The best example of this complaint is surely the henhouse, where vampire chickens lurk en masse. Creeping in to steal a giant egg, you have to traipse through a maze of haystacks and farming implements, and, with no jump function to help you, it isn't long after all hell breaks loose and the vamps come flying that you're dead, because you were too busy navigating the knee-high maze to concentrate on where your enemies were coming from. To add insult to injury, you're then forced to spend a few minutes racing back through the maze to try again.

A Rare Talent

That's not to say there haven't been standout moments. Few games could match the undead disco in the ballroom, where at least 20 skeletons and zombies are dancing away. You can take them all on (and die trying) of course, but you can also slip through without laying a finger on them. Then there are the occasional projectile weapons, like fire extinguishers, fizzy drink launchers and even more obscure alternatives (better leave something to mention in the review, right?). And we love the "fright" bits where Cooper is caught unawares by a leering spectre and the player has to hit a button sequence quickly to calm him down - particularly the early one where the player is taken on-rails through a trophy room stuffed with ghastly faces...

It's just that for all the positive things about it so far, and reasons we'd be keen to recommend it when it's finished and on store shelves, GBTG is at this point, for want of a less clichéd expression, "a mixed bag". And although the difficulty ramps up after a couple of hours (to stop you zipping through the remaining three chapters quite as quickly as the first two), there are 20 mini-games to unlock and play, and there seem to be plenty of damsels tied up around the mansion to rescue somewhere down the line (perhaps on a second play through with the Baron's master key at hand), we're not sure how long we'll last with the finished game. And the one we're playing now has a few camera and slowdown issues to boot.

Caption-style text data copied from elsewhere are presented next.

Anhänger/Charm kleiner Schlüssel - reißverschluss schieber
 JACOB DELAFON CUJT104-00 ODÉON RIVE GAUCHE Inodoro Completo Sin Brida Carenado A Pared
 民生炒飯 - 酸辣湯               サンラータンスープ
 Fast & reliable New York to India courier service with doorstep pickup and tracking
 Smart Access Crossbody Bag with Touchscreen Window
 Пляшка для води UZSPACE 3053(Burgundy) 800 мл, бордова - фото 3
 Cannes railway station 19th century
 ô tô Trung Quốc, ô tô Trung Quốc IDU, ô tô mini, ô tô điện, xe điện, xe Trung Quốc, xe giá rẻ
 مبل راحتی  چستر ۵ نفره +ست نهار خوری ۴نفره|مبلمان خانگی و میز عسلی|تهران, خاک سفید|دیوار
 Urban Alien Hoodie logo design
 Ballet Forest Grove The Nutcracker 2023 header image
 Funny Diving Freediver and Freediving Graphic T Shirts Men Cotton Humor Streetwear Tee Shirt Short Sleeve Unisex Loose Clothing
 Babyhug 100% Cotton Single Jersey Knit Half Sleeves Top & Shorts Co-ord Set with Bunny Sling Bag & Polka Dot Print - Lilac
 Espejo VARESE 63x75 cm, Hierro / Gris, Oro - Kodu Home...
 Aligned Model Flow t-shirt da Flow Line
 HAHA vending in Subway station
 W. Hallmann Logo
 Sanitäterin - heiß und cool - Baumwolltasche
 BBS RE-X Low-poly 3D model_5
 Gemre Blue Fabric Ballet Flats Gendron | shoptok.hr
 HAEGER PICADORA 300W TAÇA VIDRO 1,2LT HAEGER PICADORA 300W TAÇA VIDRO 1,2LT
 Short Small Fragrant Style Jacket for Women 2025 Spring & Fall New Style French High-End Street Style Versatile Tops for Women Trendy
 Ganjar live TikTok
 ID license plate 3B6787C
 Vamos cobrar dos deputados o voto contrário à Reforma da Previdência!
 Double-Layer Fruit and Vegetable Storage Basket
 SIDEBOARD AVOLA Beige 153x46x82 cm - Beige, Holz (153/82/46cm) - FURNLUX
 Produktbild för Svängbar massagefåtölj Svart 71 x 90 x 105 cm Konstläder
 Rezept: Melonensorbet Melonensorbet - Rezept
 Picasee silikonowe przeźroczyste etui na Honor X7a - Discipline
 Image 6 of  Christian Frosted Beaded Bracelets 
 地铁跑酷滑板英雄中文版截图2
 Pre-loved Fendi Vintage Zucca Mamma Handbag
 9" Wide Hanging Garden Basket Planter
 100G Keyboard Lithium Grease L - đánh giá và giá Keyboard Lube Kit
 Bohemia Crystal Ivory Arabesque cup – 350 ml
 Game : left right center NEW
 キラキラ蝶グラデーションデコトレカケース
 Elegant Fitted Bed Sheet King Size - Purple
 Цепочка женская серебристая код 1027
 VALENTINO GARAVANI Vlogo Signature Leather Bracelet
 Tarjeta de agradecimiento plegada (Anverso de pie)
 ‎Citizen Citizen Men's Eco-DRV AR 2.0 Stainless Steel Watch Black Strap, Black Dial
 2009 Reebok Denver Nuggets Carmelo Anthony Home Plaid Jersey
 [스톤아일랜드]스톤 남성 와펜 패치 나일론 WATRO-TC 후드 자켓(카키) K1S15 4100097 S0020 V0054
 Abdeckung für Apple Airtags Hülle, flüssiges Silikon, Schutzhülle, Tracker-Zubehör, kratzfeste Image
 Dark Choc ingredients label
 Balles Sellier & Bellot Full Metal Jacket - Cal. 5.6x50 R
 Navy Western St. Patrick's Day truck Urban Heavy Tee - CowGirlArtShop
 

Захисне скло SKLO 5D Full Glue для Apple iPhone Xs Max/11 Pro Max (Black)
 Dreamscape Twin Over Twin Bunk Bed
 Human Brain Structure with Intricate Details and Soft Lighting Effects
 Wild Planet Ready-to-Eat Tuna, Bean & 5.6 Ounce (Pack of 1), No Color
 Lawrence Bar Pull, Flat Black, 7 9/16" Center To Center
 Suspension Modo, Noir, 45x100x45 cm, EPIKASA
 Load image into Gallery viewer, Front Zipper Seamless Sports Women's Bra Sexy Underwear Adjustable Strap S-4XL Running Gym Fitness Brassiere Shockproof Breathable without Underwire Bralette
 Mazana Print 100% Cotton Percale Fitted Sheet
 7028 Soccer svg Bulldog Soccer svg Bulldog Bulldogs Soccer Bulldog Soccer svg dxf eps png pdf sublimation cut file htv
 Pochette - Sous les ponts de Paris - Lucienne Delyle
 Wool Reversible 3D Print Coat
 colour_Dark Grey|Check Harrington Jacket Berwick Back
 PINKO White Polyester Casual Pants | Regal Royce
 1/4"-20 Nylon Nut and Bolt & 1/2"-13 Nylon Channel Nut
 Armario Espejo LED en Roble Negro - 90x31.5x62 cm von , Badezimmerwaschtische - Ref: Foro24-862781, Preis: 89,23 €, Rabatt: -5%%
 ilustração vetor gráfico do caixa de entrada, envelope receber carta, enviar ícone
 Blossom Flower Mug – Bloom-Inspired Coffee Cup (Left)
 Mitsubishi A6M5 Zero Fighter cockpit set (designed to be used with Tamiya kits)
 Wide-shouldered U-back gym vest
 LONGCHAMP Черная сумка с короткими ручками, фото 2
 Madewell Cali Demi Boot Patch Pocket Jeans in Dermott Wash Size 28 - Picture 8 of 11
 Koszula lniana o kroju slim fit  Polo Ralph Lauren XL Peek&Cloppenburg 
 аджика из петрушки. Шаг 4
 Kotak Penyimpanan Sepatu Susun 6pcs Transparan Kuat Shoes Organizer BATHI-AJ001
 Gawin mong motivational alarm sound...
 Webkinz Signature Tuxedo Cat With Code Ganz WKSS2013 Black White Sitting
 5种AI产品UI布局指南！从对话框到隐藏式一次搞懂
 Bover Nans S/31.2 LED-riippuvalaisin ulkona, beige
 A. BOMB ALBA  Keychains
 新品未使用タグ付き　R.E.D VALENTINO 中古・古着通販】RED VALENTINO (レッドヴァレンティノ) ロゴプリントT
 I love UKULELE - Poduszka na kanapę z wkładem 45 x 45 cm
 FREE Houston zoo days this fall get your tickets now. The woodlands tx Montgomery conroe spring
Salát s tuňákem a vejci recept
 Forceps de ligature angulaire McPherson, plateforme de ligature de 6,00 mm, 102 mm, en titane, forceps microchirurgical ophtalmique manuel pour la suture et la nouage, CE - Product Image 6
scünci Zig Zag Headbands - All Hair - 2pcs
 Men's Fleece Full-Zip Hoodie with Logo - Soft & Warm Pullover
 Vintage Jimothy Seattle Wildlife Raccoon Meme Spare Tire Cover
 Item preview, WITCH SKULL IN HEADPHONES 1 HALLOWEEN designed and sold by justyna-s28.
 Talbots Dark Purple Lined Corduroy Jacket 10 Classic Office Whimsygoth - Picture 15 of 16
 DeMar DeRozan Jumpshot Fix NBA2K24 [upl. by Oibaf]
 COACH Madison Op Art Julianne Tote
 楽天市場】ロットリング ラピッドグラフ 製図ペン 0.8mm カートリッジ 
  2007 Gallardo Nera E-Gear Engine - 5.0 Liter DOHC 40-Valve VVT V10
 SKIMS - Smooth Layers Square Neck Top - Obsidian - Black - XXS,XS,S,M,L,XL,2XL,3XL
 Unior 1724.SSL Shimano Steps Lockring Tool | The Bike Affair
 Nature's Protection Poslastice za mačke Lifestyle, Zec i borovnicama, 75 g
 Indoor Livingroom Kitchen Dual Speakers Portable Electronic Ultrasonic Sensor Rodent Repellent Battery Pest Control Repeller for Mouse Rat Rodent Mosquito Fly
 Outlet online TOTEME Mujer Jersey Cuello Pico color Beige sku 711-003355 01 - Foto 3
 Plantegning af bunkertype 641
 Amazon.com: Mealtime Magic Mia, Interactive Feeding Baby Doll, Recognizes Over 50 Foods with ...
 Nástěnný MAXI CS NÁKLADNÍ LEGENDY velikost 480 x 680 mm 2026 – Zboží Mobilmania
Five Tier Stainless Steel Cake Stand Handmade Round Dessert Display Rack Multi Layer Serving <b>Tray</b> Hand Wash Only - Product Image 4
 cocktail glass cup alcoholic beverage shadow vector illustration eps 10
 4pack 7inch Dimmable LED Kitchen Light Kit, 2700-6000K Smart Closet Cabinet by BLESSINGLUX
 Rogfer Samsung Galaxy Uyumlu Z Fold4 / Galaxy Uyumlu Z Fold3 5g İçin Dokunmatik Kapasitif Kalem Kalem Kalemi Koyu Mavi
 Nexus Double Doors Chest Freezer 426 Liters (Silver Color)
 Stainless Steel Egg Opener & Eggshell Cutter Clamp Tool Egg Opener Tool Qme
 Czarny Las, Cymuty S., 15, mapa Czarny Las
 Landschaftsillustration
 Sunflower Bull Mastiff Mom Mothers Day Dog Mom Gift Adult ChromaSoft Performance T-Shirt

Then again, the point of the piece has been to try and build up some interest in Ghoulies, and going out on a sad note would be extremely stupid. With that in mind, we'd like to make it clear that we're leaving you now to go and play it. Because even with a pile of Christmas-rush titles sat on our mantelpieces, including games we're more than likely to offer a hallowed 9/10, Rare's occasionally spellbinding, mostly imaginative take on the haunted house idea is by far the most attractive option we can think of right now. Even if we'd rather pay £40 for it than $375 million.